THE INPUT:
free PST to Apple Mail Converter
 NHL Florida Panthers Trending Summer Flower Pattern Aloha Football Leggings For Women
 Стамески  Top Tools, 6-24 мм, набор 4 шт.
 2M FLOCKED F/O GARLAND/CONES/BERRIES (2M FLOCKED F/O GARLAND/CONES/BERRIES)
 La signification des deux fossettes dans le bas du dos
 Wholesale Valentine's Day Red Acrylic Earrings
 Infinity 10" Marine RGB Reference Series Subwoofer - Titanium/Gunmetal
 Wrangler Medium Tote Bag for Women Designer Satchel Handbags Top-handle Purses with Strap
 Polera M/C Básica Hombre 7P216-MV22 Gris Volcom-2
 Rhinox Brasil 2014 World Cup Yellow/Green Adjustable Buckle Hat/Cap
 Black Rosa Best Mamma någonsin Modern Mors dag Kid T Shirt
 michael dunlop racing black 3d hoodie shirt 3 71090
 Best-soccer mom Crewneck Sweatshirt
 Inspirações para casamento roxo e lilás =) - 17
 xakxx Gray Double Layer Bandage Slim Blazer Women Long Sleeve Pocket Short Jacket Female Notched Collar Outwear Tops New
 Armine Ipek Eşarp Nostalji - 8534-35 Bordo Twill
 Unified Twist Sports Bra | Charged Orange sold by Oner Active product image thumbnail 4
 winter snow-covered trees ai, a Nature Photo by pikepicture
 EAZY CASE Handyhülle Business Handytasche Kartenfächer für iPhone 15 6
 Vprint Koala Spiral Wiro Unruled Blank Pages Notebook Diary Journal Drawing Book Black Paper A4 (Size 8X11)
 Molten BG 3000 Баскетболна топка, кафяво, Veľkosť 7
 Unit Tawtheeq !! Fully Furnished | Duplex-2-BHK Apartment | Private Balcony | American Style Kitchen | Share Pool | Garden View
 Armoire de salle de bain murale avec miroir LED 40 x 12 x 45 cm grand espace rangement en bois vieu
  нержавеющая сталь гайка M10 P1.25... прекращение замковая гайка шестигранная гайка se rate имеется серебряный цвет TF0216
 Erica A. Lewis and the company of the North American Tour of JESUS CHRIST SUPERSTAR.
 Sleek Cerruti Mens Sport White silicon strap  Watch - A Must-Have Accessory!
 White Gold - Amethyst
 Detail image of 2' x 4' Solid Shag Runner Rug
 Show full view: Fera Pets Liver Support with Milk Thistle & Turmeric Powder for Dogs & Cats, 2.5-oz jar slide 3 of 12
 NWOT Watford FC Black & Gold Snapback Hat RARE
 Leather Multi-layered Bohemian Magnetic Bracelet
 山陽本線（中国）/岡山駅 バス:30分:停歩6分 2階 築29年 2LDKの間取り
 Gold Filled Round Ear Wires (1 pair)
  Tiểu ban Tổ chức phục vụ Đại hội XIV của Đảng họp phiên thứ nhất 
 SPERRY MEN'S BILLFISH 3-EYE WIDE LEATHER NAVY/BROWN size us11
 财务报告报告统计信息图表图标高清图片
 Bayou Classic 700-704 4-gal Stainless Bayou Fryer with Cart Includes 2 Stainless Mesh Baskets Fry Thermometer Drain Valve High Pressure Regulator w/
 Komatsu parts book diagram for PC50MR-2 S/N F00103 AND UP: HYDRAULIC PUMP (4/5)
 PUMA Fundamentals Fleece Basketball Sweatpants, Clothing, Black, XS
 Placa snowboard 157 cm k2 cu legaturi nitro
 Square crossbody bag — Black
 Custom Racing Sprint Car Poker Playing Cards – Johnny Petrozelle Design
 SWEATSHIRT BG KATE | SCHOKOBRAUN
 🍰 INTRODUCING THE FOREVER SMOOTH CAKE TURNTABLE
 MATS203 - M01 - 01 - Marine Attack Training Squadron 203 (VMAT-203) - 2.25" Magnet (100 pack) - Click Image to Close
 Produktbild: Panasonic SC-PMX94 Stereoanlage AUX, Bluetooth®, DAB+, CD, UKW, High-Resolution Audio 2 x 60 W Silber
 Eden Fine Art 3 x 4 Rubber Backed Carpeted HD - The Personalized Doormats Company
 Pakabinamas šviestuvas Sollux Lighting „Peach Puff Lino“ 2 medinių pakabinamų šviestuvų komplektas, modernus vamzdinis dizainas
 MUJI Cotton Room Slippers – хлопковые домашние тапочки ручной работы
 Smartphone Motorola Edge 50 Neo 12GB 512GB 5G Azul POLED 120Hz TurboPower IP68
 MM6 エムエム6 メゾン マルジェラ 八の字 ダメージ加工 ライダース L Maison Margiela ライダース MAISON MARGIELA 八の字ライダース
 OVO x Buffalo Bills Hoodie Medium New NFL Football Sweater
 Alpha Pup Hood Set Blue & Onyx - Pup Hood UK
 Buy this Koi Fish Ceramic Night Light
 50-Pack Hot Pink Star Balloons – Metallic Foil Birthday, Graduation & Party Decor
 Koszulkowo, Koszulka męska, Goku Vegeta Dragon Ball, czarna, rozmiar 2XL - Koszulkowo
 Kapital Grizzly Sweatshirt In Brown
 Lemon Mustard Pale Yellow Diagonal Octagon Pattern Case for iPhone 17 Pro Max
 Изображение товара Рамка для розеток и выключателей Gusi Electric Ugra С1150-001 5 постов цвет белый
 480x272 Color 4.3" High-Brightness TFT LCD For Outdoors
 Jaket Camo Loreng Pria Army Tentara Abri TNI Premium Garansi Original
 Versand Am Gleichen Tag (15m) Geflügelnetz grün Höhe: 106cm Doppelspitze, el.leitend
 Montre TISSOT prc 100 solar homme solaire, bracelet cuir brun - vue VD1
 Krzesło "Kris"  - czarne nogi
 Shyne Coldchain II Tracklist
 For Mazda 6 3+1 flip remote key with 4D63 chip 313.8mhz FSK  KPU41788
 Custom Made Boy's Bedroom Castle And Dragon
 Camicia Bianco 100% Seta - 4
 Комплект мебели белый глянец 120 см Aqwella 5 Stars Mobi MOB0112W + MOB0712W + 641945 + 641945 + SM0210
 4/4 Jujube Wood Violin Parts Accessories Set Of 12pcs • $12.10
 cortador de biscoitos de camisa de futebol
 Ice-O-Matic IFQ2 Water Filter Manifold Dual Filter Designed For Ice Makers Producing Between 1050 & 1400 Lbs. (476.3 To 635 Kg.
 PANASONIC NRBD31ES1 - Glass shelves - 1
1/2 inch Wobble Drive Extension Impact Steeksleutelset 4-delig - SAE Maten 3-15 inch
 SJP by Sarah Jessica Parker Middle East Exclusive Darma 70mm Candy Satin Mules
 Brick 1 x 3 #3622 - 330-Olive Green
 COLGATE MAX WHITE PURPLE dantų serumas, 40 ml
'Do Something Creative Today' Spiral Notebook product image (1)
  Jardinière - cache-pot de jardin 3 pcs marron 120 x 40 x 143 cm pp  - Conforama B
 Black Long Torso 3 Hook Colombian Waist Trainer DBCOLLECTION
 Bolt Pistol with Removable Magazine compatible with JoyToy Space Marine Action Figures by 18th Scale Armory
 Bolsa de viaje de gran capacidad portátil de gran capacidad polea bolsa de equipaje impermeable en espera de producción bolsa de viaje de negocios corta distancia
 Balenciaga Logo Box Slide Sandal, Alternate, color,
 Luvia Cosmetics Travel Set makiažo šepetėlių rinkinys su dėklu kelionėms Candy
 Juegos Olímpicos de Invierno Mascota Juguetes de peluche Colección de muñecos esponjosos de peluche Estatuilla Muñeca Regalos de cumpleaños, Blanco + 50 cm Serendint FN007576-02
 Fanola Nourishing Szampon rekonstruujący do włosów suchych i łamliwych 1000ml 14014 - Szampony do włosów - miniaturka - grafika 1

ABOUT THIS TASK: Give back precisely the lines above that start at the line containing "Pakabinamas šviestuvas Sollux" and end at the line containing "LCD For Outdoors", inclusive. No other lines belong in the output.

SOLUTION TO THIS TASK:
 Pakabinamas šviestuvas Sollux Lighting „Peach Puff Lino“ 2 medinių pakabinamų šviestuvų komplektas, modernus vamzdinis dizainas
 MUJI Cotton Room Slippers – хлопковые домашние тапочки ручной работы
 Smartphone Motorola Edge 50 Neo 12GB 512GB 5G Azul POLED 120Hz TurboPower IP68
 MM6 エムエム6 メゾン マルジェラ 八の字 ダメージ加工 ライダース L Maison Margiela ライダース MAISON MARGIELA 八の字ライダース
 OVO x Buffalo Bills Hoodie Medium New NFL Football Sweater
 Alpha Pup Hood Set Blue & Onyx - Pup Hood UK
 Buy this Koi Fish Ceramic Night Light
 50-Pack Hot Pink Star Balloons – Metallic Foil Birthday, Graduation & Party Decor
 Koszulkowo, Koszulka męska, Goku Vegeta Dragon Ball, czarna, rozmiar 2XL - Koszulkowo
 Kapital Grizzly Sweatshirt In Brown
 Lemon Mustard Pale Yellow Diagonal Octagon Pattern Case for iPhone 17 Pro Max
 Изображение товара Рамка для розеток и выключателей Gusi Electric Ugra С1150-001 5 постов цвет белый
 480x272 Color 4.3" High-Brightness TFT LCD For Outdoors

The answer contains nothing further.